While one may think the leading concern for the Ecclestone are the budgets tied to developing the new engines, his issue with the V6 is reportedly far more simple than that. No, Ecclestone has a problem with the way the turbocharged V6 powerplants sound.
The SPEED report notes Ecclestone's reaction: "I listened to the noise of the engines in Maranello the other day, the new engine and the old engine, and even ( Ferrari President) Luca di Montezemolo said it sounded terrible."
As superficial of a qualm Ecclestone might have with the engine note, that whine of a high-revving V8 has become an integral part of the identify of F1 – it may be imprudent to meddle with with such an important part of the brand.

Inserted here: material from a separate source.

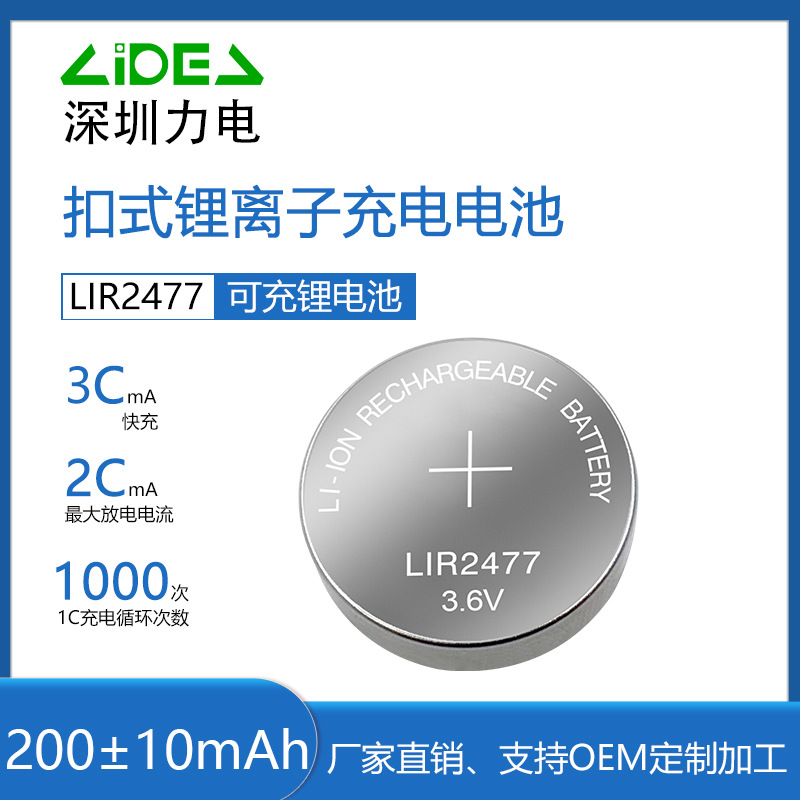 严选工厂直销锂离子3.6V纽扣锂电池 LIR2477充电扣式电池高容量
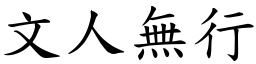 文人無行 (楷體矢量字庫)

FIA president Jean Todt had previously stated that there will not be another delay in the rollout of the new powerplant, but Australian Grand Prix president and Ecclestone-ally Ron Walker says "The circuits will all support Bernie in his quest to keep the same engine, because it will mean great savings in the cost burden of running the sport."
Given that we are just 18 months from the start of the 2014 season, we will be anxious to see what the final decision is on engine formula – and how soon it is made. Ferrari, Mercedes-Benz, and Renault are not waiting around to find out what Bernie's decision is, as they are gradually converting their dynos over to V6 use and will continue to develop the new engine in the meantime.